Published: Wed 18 Feb 2004 08:41 AM
Sudan: UN Agencies Relocate Refugees From Chad Border, Airlift Food Aid To Darfur
The United Nations refugee agency is mounting an emergency airlift to eastern Chad this week to bring more than 256 tons of aid supplies to 110,000 Sudanese refugees currently scattered along a 600-kilometre stretch of remote borderland.
“The airlift coincides with an urgent refugee relocation operation aimed at moving tens of thousands of refugees away from the insecure Chad-Sudan border to safer camps further inland before the start of the rainy season in May,” Ron Redmond, a spokesman for the UN High Commissioner for Refugees ( http://www.unhcr.ch/cgi-bin/texis/vtx/home?page=news UNHCR), said at a press briefing in Geneva.
Nearly 4,000 refugees have been transported so far to two new camps. “Obviously, we’ve still got a long way to go in this race against time and the elements,” he added.
Meanwhile, as conditions deteriorate in the Darfur region in western Sudan, the UN World Food Programme (WFP) is airlifting food aid into the area to help alleviate the suffering of tens of thousands of people displaced by the conflict there.
The airlift of some 500 tons of sorghum to El Fasher, in North Darfur, is an interim measure to ensure that food reaches people who have been cut off since November. Insecurity continues to prevent WFP from transporting food by road from its main warehouses to key supply points in El Fasher and Nyala.
“We are not planning a massive airlift to the region, since we hope that road transportation will be re-established very soon,” said Bradley Guerrant, WFP’s Deputy Country Director for Sudan. “This is intended to meet the urgent needs of people we have been unable to reach for several months.”
The airlift of sorghum comes in response to additional urgent needs in the region, where in recent weeks WFP has managed to distribute nearly 2,000 tons of food assistance to 105,000 displaced people – 96,000 in Kutum town and another 9,000 in four other locations. An additional 28,000 displaced people are still expecting assistance in Kutum, where WFP’s stocks have run out.
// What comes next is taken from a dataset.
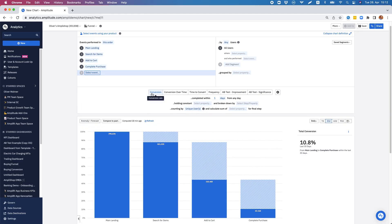In a funnel analysis, Amplitude gives us the option to look at different metrics. For example, right now we're looking at conversions. We could also be checking out how the conversion has changed over time, or for example how long it takes users to move through the full funnel.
An estimated one million people have been displaced in Darfur as a result of the conflict between rebel movements, militias and the Government of Sudan. To escape the fighting, which began a year ago, another 110,000 people have crossed the border into Chad where they will receive WFP food. On the Sudanese side of the border, humanitarian agencies are hopeful that current access to Kutum will be extended to cover other areas in Greater Darfur so that assistance can reach those who desperately need it.